→ **Image-caption web data**
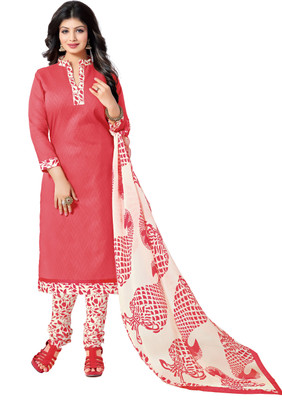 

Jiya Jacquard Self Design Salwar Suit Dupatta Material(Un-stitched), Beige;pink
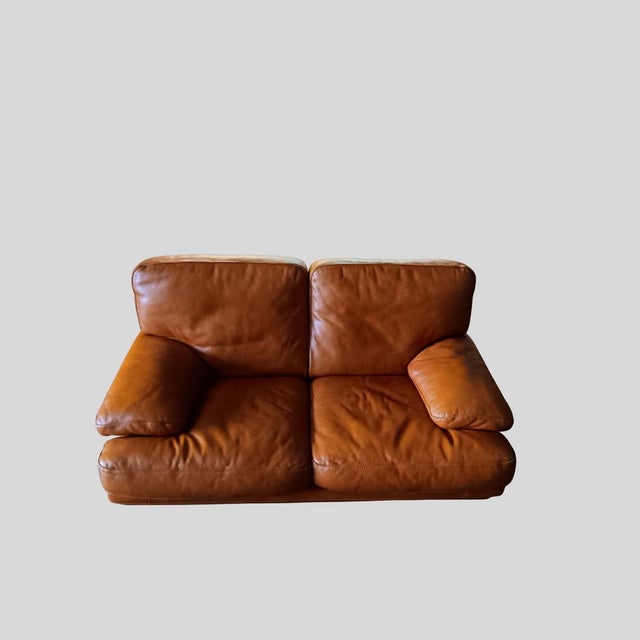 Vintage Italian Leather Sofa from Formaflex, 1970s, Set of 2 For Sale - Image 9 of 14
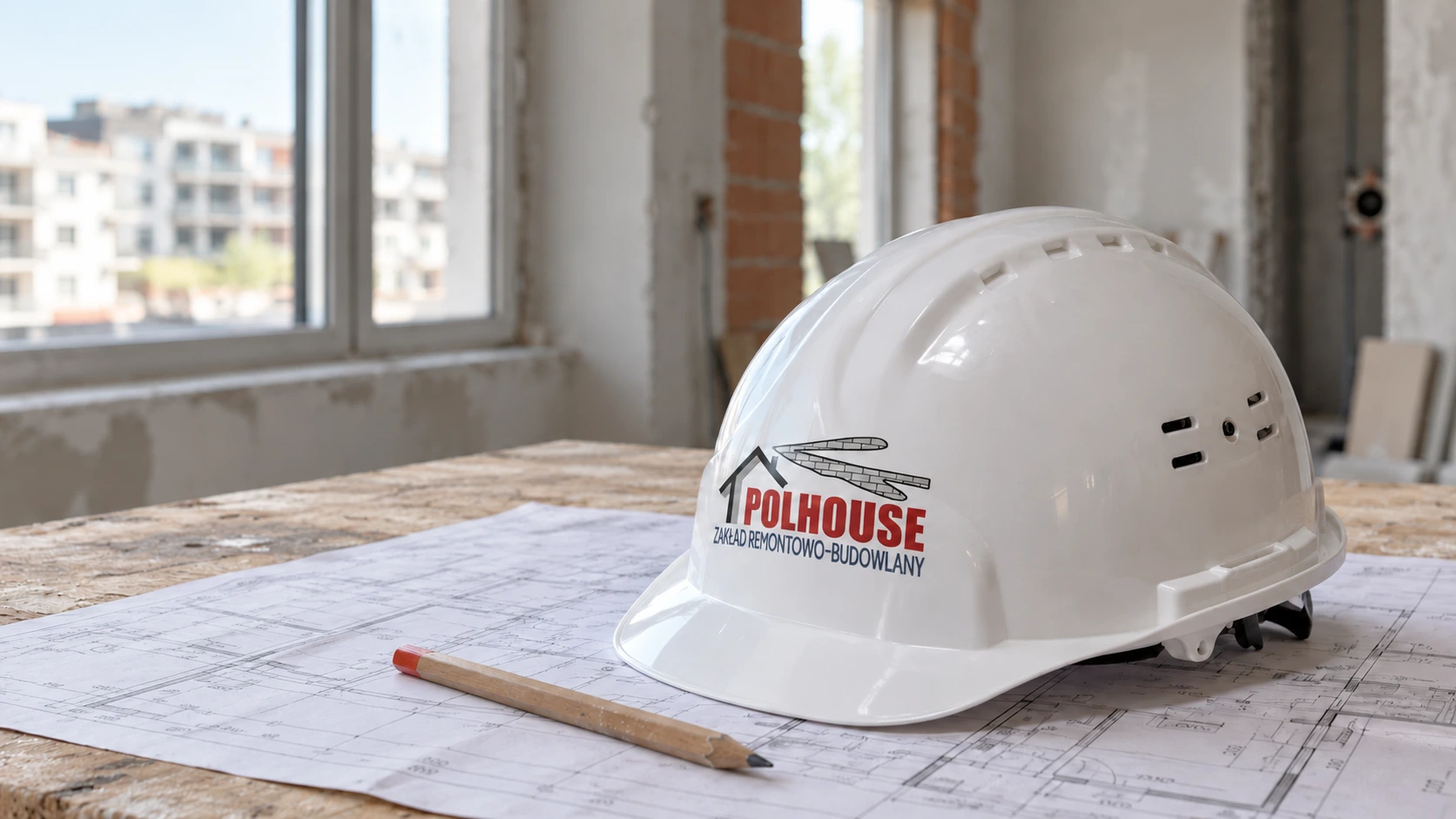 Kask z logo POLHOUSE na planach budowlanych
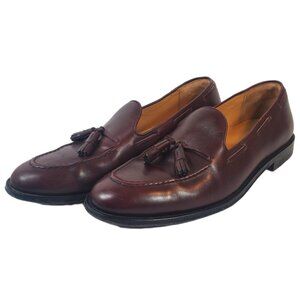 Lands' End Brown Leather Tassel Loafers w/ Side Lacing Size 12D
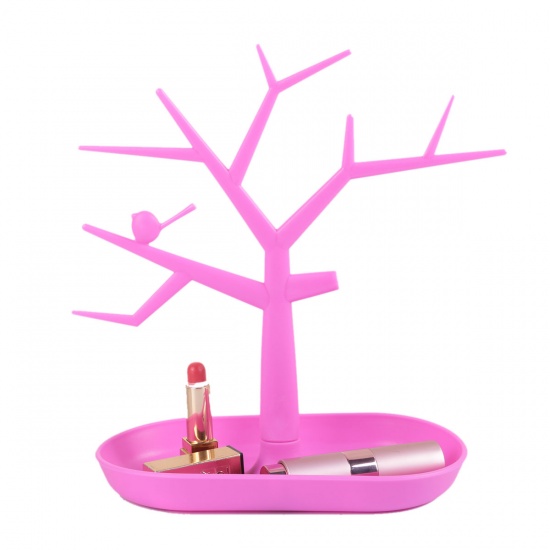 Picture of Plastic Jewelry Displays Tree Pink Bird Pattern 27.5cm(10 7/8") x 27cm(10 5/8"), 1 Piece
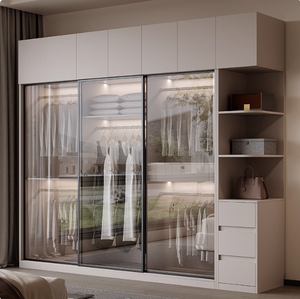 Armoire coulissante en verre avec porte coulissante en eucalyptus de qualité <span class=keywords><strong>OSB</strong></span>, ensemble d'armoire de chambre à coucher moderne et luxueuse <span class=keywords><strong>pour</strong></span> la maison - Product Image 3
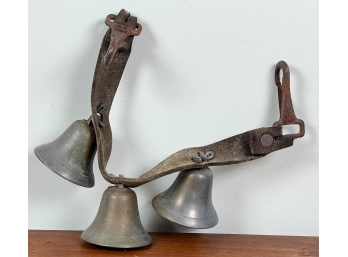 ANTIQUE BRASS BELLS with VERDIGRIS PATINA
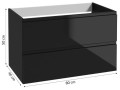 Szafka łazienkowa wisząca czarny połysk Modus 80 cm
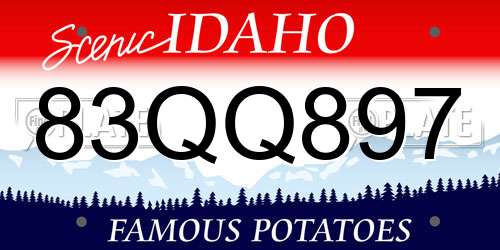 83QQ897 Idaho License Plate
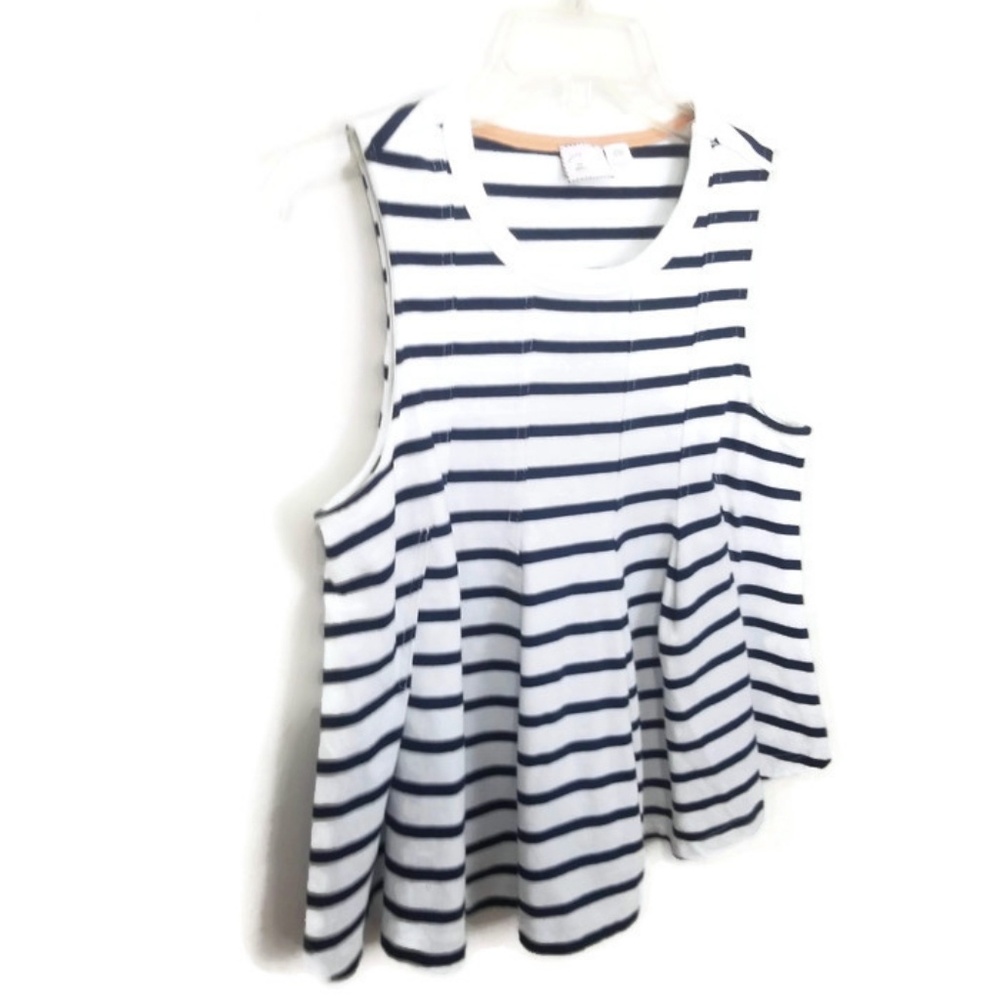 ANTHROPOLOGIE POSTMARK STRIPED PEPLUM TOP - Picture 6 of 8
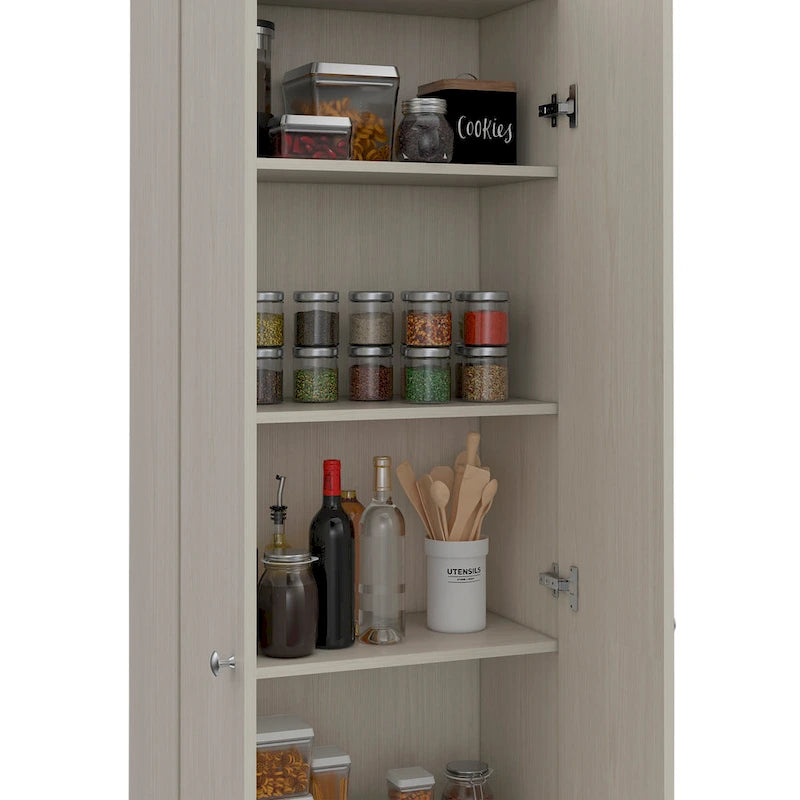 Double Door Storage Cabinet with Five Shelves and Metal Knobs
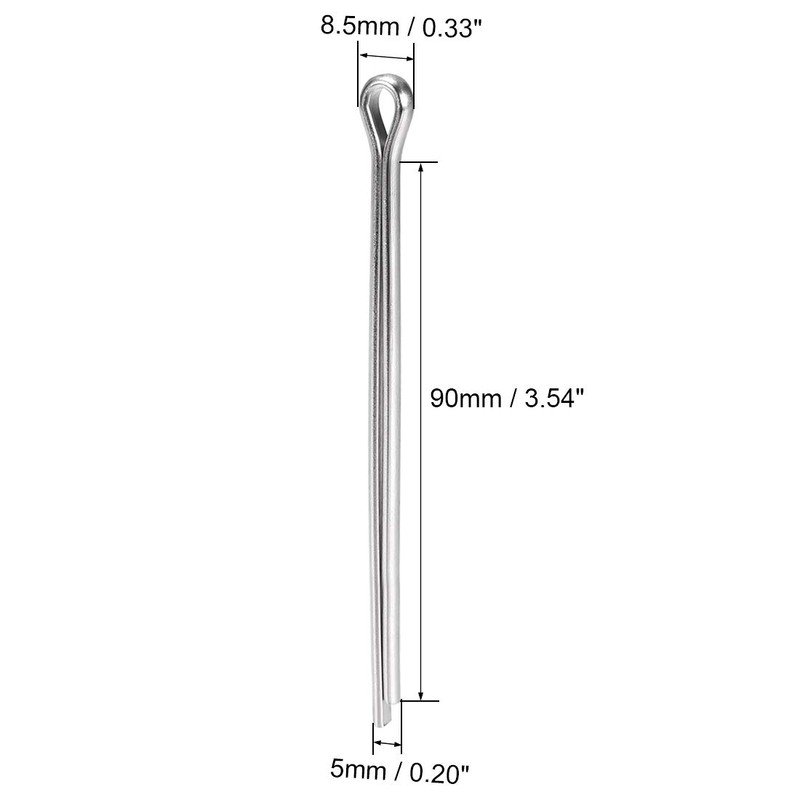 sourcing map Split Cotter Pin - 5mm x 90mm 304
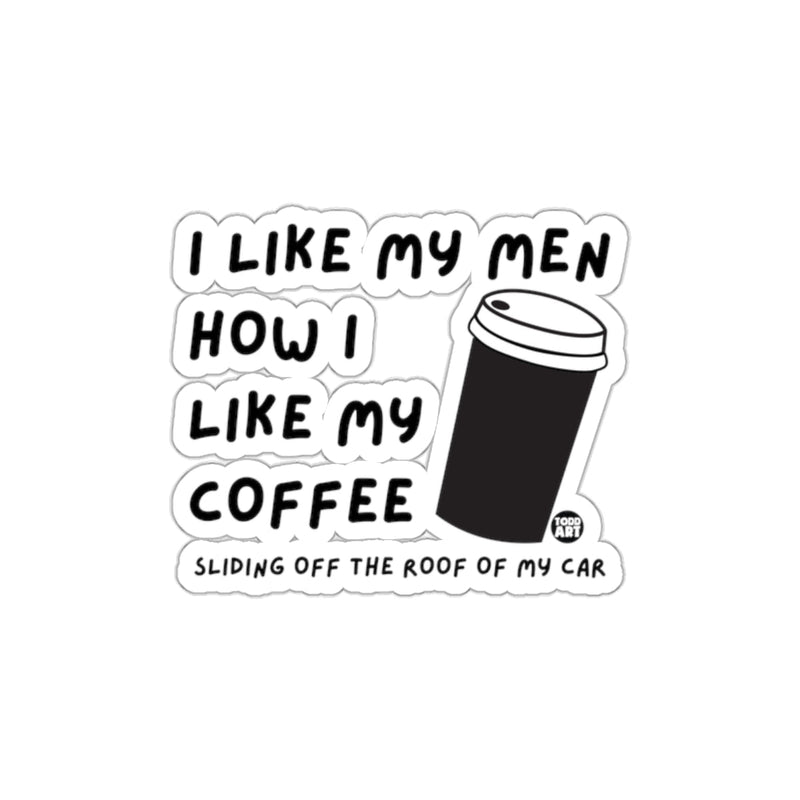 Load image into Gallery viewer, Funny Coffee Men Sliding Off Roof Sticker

→ **Instructions to follow**
Exactly and only the lines from the top of the records down to the line containing "Lands' End Brown" should be transcribed, please, without the pictures.

→ **Written answer**
Jiya Jacquard Self Design Salwar Suit Dupatta Material(Un-stitched), Beige;pink
 Vintage Italian Leather Sofa from Formaflex, 1970s, Set of 2 For Sale - Image 9 of 14
 Kask z logo POLHOUSE na planach budowlanych
 Lands' End Brown Leather Tassel Loafers w/ Side Lacing Size 12D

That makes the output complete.